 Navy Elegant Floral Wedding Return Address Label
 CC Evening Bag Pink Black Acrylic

* * * * * * * * *

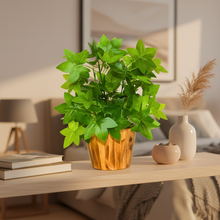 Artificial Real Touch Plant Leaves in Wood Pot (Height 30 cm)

* * * * * * * * *

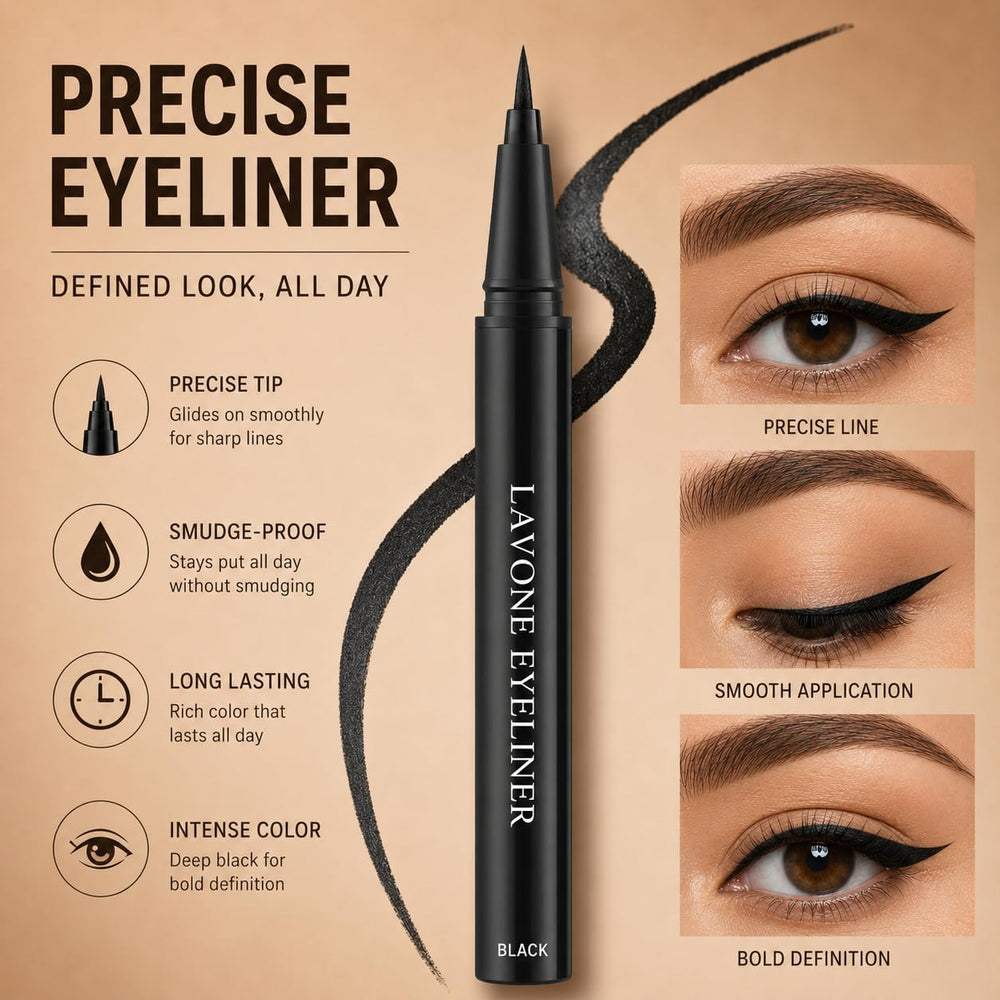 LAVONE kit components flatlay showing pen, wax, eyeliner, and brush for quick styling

* * * * * * * * *

The problem — Reproduce verbatim the lines above, from the line with "Navy Elegant Floral" through the line with "CC Evening Bag Pink Black Acrylic".

Answer section —
 Navy Elegant Floral Wedding Return Address Label
 CC Evening Bag Pink Black Acrylic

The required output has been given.